US News & World Report publishes the most important college ranking each year.

Columbia University’s plunge in the 2022-2023 US News & World Report annual college ranking was not entirely unexpected. After all, the school got caught with its hand in the cookie jar misreporting data to the publication. Now, did most believe the school would fall from a tie for #2 to a tie for #18? Maybe, maybe not. Frankly, we didn’t think Columbia would even appear in this year’s ranking since the school vowed not to participate. Yet US News used publicly available data to rank the school nonetheless. So was it an act of vengeance by US News? A punishment for poking holes in the sanctity of their ranking system? Maybe, maybe not. But one thing is clear — the US News rankings remains the kingpin of all college rankings and they’re not going away anytime soon.

As Stephanie Saul reports for The New York Times in a piece entitled “Despite Years of Criticism, the U.S. News College Rankings Live On,” “College presidents have decried the U.S. News rankings as meaningless. Policymakers accused them of skewing educational priorities. And high school guidance counselors call them unreliable. Yet the U.S. News & World Report college rankings continue to be a dominant reference guide for families evaluating colleges — even though their accuracy was again questioned when Columbia University lost its No. 2 spot this week, sliding all the way to No. 18. Interviews with students, parents and education professionals suggest that the rankings are firmly established as a go-to part of the college selection process across the country. It is true for students vying for the Top 10, families looking for the best buy among regional schools and international students who want global name recognition.”

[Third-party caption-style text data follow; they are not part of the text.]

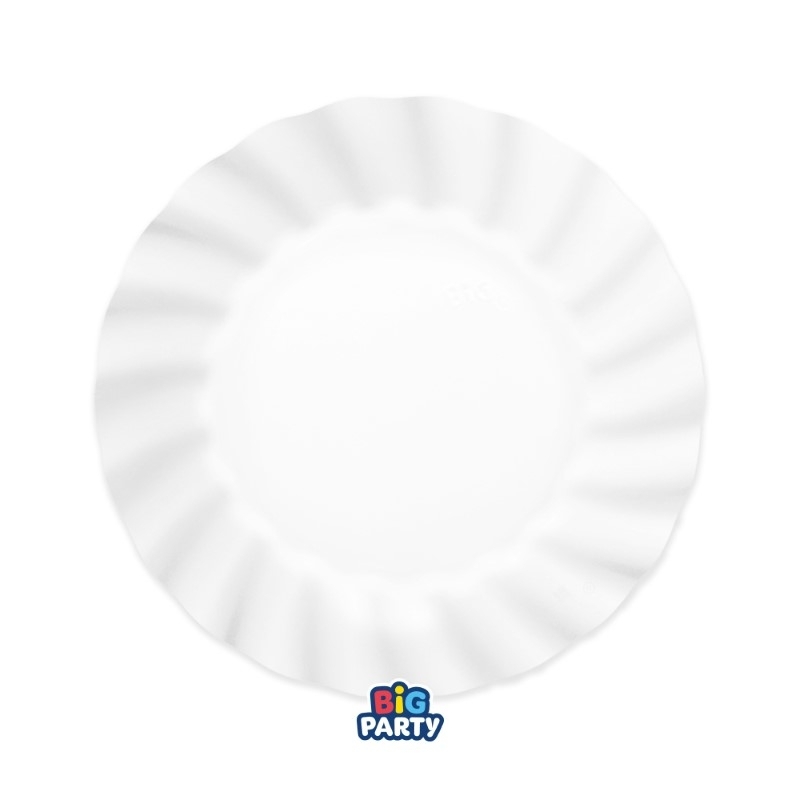 6 Piatti Ø 20 cm Wavy Bianco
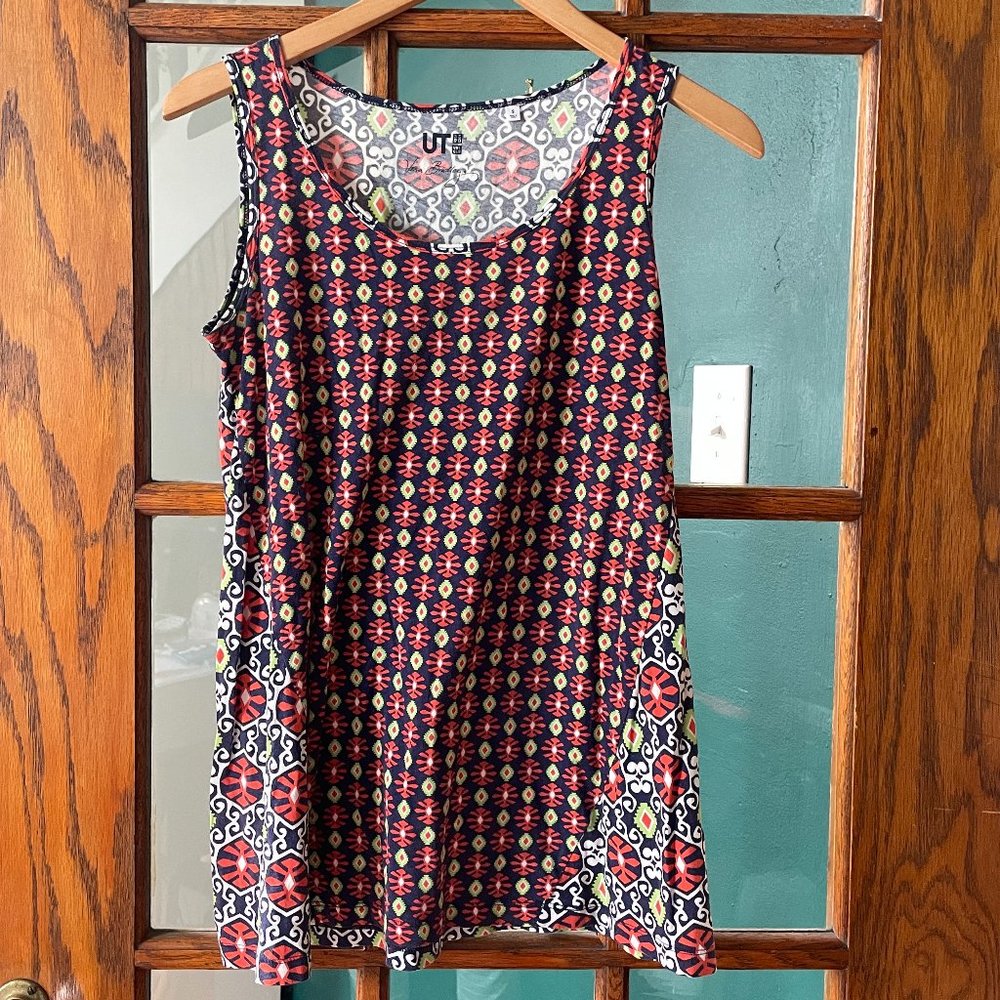 VERA BRADLEY x UNIQLO UT Patterned Tunic Tank Top, Size S, EUC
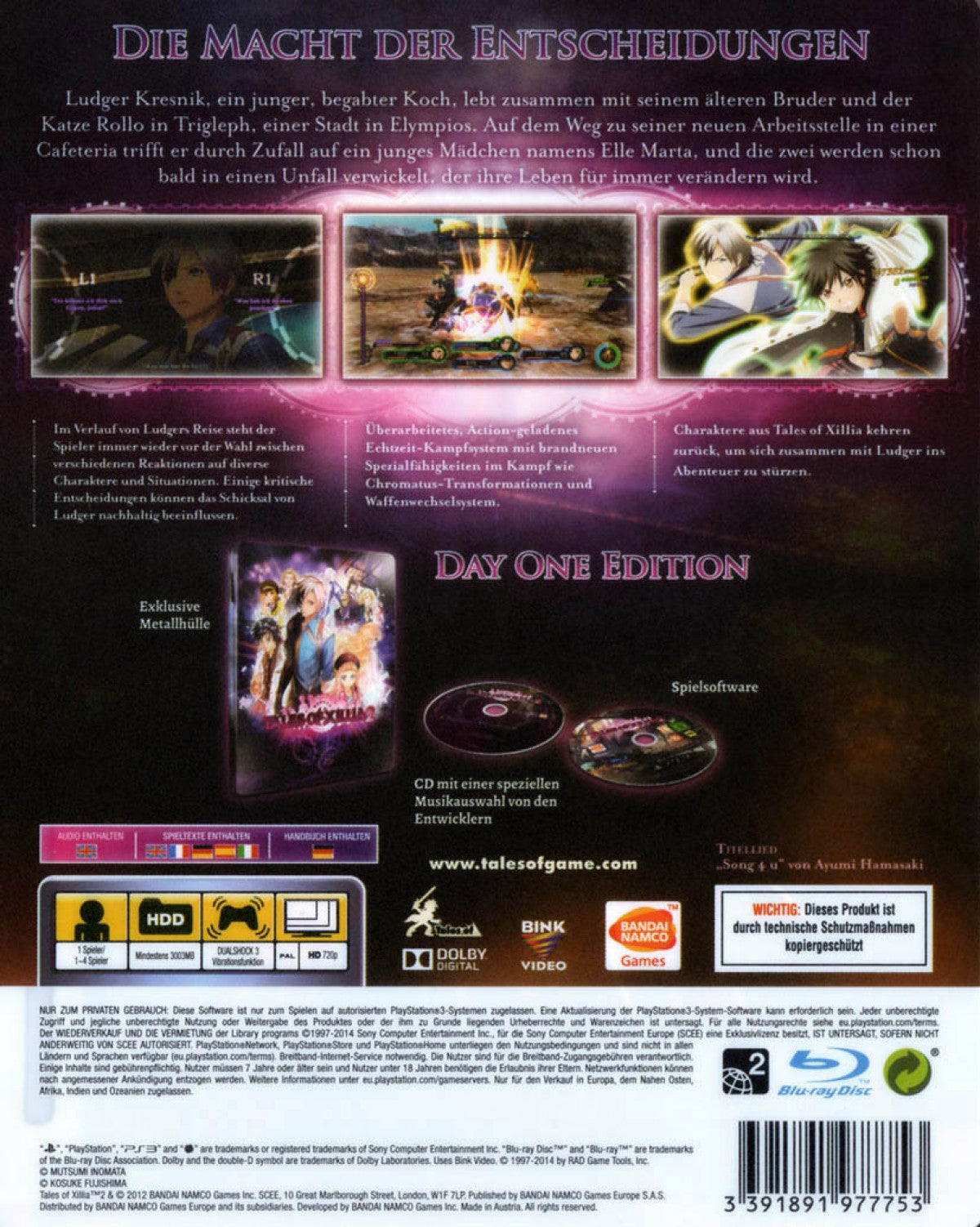 Tales of Xillia 2 PlayStation 3 role-playing video game back cover art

It’s not as though folks don’t regularly question the methodology behind the US News rankings. It’s not as though folks don’t question, say, the University of Chicago and Northwestern University, two of our nation’s most elite institutions, regularly outranking multiple Ivy League schools. But, alas, the US News ranking — flawed as it is — has remained a staple of the elite college admissions process for decades. We’ve long mused that the ranking is even considered the Bible in some parts of our world as parents and students navigate applying to elite U.S. universities. That was true decades ago. That remains true today — even after the ranking’s credibility has been widely questioned by the most recent reporting scandal. Said a college counselor to The New York Times in the same piece, “I haven’t met a parent who doesn’t think the rankings are important. It doesn’t matter who they are, what their educational backgrounds are, or where they live.” Amen.